Saturday, June 13, 2015

Retro Saturday: Nuclear Propulsion in Space


Click the arrow to watch the film. Video source: The Mars Underground YouTube channel.

Well, this never happened.

This week's Retro Saturday is a 23-minute 1968 film called Nuclear Propulsion in Space. Jointly produced by NASA and the Atomic Energy Commission, it foresaw the use of nuclear-powered upper stages on a Saturn V-like system to send crew to Mars.

As recounted by Los Alamos National Laboratory article, nuclear propulsion had proven quite promising in the 1960s.

But the technology would turn out to have no use.

By 1970, the Nixon administration, Congress and the American public had no taste for more extravagant human spaceflight programs. Nixon's Space Task Group proposed a Space Transportation System to service an Earth-orbiting permanently manned space station. A space tug, possibly propelled by nuclear engines, was an option.

The Space Task Group recommendations were largely ignored, although they did evolve into today's Space Shuttle. The "STS" moniker for a Shuttle mission stands for Space Transportation System.

The idea of an international space station (that wasn't its original name) came out of Nixon's desire to use the U.S. human spaceflight program as a diplomatic tool to reward friends and punish enemies.

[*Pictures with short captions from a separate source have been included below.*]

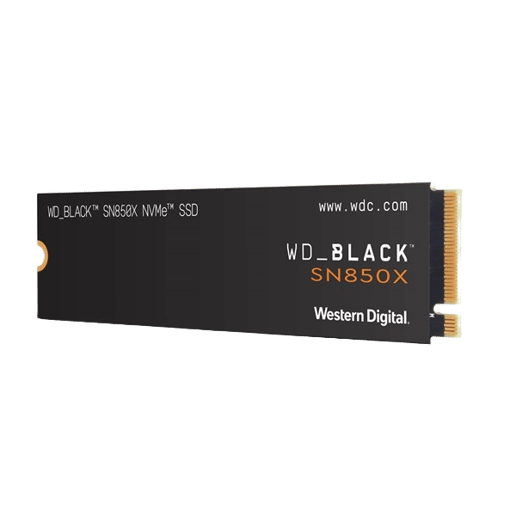2TB Western Digital Black SN850X M.2 2280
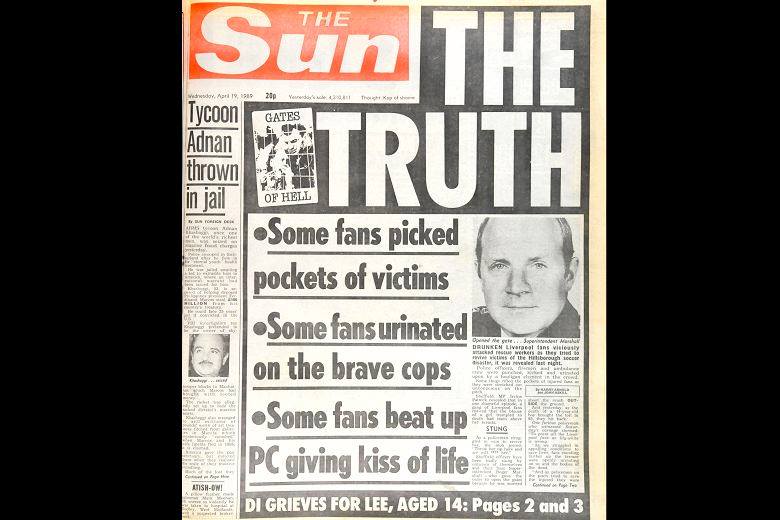 #Hillsborough. Lest we forget. #TheSun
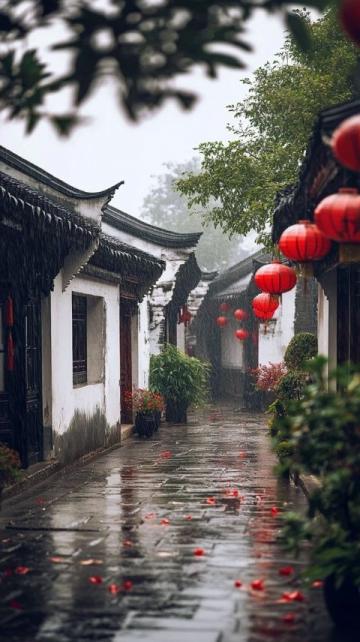 初五雨水過(guò)后的古鎮(zhèn)一日游推薦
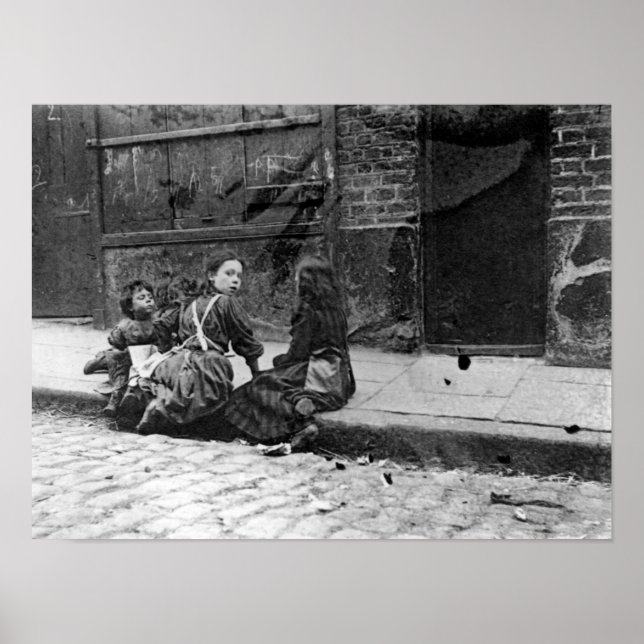 London Slums, Twine Court Poster (Framsidan)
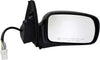 Dorman 955-729 Passenger Side Power Door Mirror - Heated / Folding Compatible with Select Mercury / Nissan Models, Black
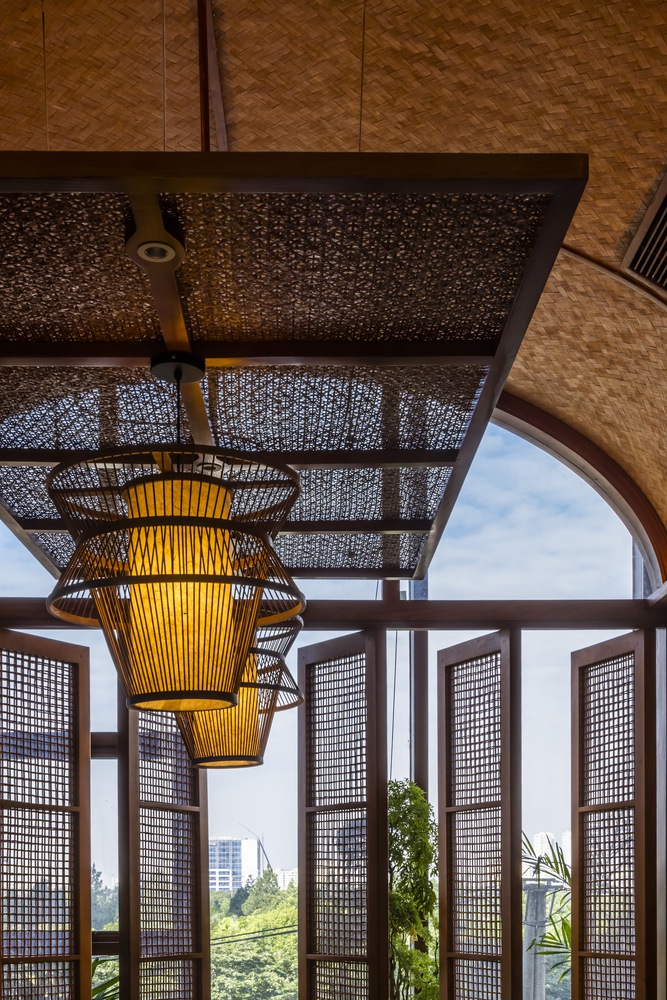 越南 Akaari Premium Restaurant丨越南河内丨NH Village Architects-35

The relatively low thrust provided by nuclear engines was of little use on the ground, and the space tug idea was dropped, so NASA shelved its ideas for nuclear propulsion.

The uncertainty about the future of NASA's human spaceflight program is clear in the narrator's final words about nuclear propulsion:

It will be available when this nation determines its next great objective in space.